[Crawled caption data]
—————

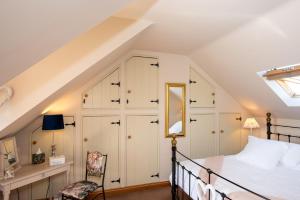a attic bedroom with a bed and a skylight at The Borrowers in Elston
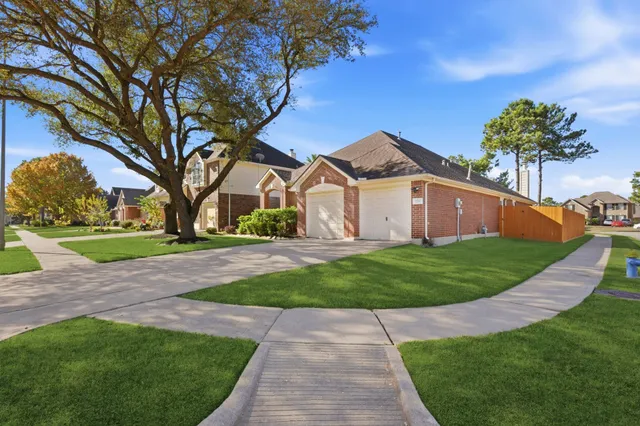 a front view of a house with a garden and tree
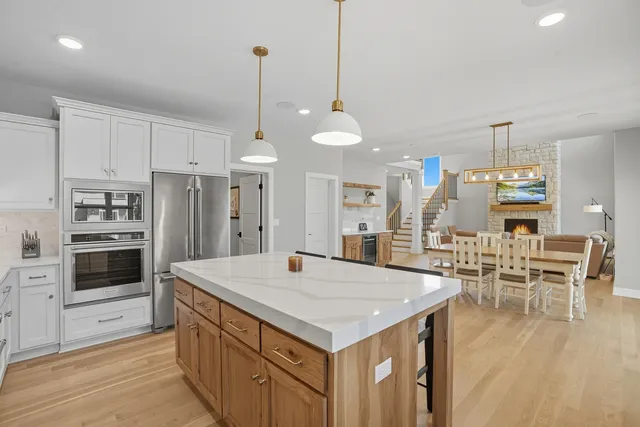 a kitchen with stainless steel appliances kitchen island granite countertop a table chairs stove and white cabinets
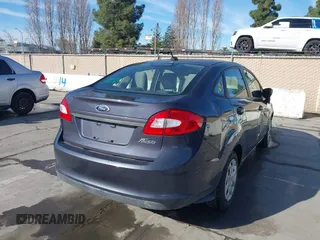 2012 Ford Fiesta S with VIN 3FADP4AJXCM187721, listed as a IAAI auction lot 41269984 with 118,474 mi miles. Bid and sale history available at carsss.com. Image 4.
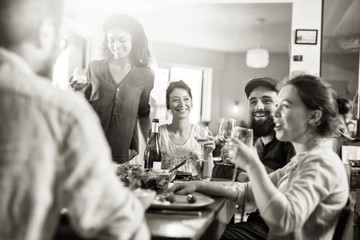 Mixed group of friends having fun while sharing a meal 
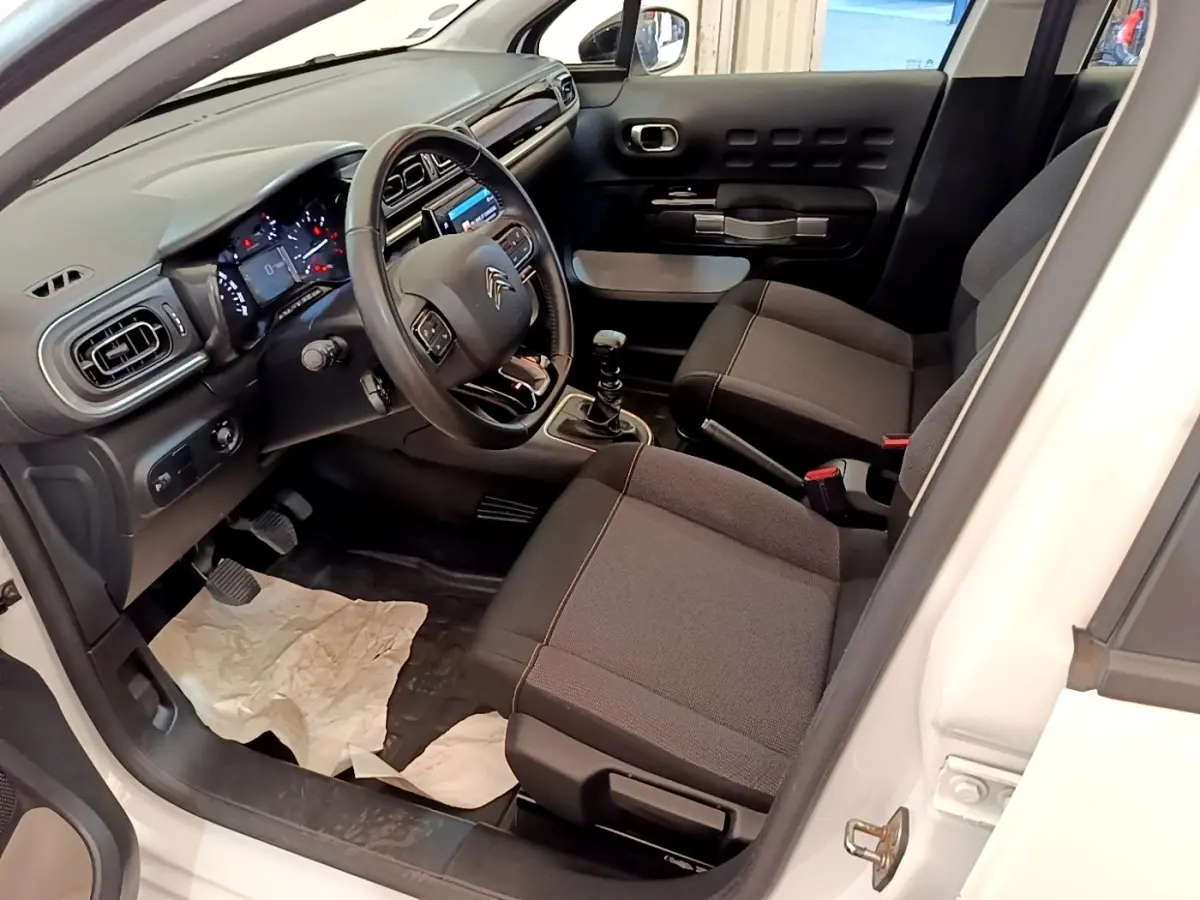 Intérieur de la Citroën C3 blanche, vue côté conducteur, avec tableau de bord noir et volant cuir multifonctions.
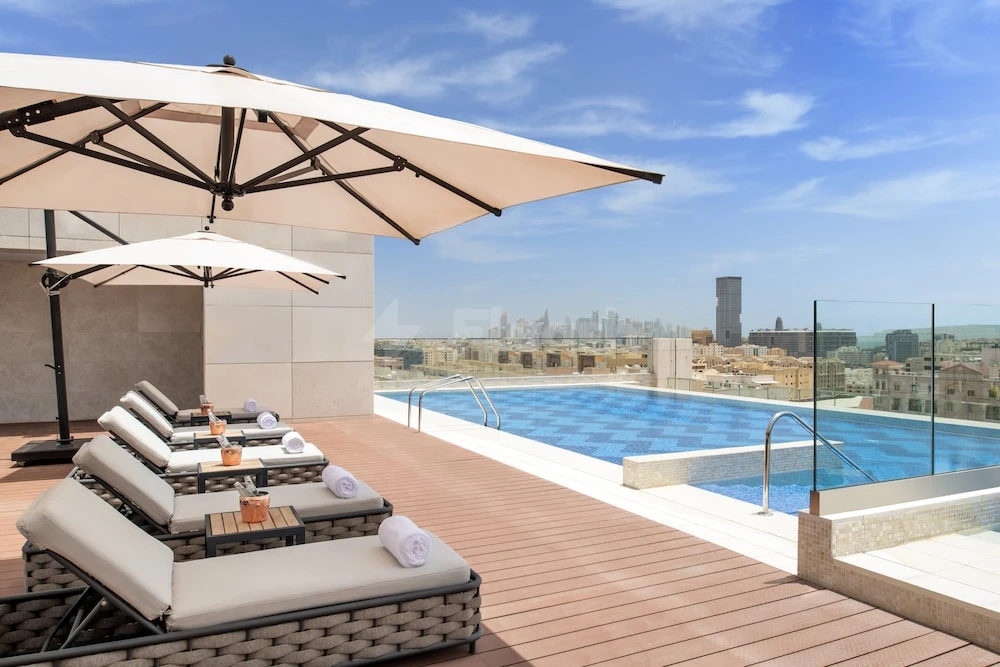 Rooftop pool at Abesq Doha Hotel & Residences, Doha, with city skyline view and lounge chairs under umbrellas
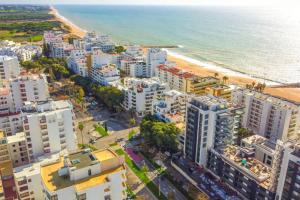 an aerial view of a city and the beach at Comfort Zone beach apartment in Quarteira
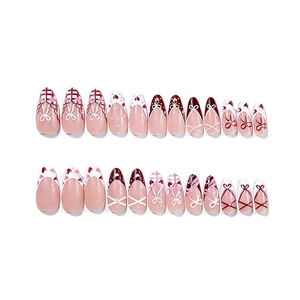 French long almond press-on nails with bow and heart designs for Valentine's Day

—————

▶ [WHAT THE EXERCISE ASKS] Restate the records above verbatim. Pictures stay out.

▶ [WRITTEN RESPONSE]
a attic bedroom with a bed and a skylight at The Borrowers in Elston
 a front view of a house with a garden and tree
 a kitchen with stainless steel appliances kitchen island granite countertop a table chairs stove and white cabinets
 2012 Ford Fiesta S with VIN 3FADP4AJXCM187721, listed as a IAAI auction lot 41269984 with 118,474 mi miles. Bid and sale history available at carsss.com. Image 4.
 Mixed group of friends having fun while sharing a meal 
 Intérieur de la Citroën C3 blanche, vue côté conducteur, avec tableau de bord noir et volant cuir multifonctions.
 Rooftop pool at Abesq Doha Hotel & Residences, Doha, with city skyline view and lounge chairs under umbrellas
 an aerial view of a city and the beach at Comfort Zone beach apartment in Quarteira
 French long almond press-on nails with bow and heart designs for Valentine's Day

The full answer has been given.